Time isn’t on your side

as the Rolling Stones didn’t quite say. In Re 28 Pallant House [2013] UKUT 327 (LC), the Upper Tribunal was faced with an application for permission to appeal out of time. The appellant was the long leaseholder of a flat; LB Southwark was her landlord. There had been an LVT hearing concerning disputed service charges in which Southwark had been mostly successful. The LVT decision was issued on April 20, 2011.

On April 25, 2013 (i.e. almost two years after the LVT decision), the appellant sought permission to appeal. The LVT refused that application, noting that applications for permission to appeal had to be made within 21 days of the date on which the decision was sent to the parties and that no application had been made to extend that time. The LVT noted that it had no power to extend time once the 21 days had passed (note, it was wrong about that, see Grosvenor Estate Belgravia v Adams [2008] RVR 173).

The appellant then sought permission to appeal to the Upper Tribunal. The appeal application was again filed out of time. Now, the Upper Tribunal does have power to hear applications for permission to appeal out of time, but only if it is in “the interests of justice” to do so (reg.21(6), UT(LC) rules).

The appellant argued that the LVT had not properly informed her of her rights to appeal, and relied on Sch.1 of the Tribunal Procedure (First Tier Tribunal) Rules 2008. The only problem with that was, of course, that those rules didn’t apply to the LVT.

The merits of the underlying appeal was as follows. In a subsequent case involving Southwark (LB Southwark v Woelke), the LVT had found that Southwark hadn’t demanded service charges in accordance with the lease, such that nothing was owing. The appellant in the present case wanted to rely on that decision.

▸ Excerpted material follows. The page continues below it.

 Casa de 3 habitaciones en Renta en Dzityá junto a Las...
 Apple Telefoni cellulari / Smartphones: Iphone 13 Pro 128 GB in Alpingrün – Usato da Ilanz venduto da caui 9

The problem, said the Deputy President of the UT, was that she hadn’t taken this point before the LVT. And she was out of time. And there was a principle of finality in litigation. And the Woelke case had just resulted in Southwark issuing fresh demands (i.e. it had delayed, not extinguished, liability). In short, it was not in the interests of justice to permit the appeal to proceed after such a long delay.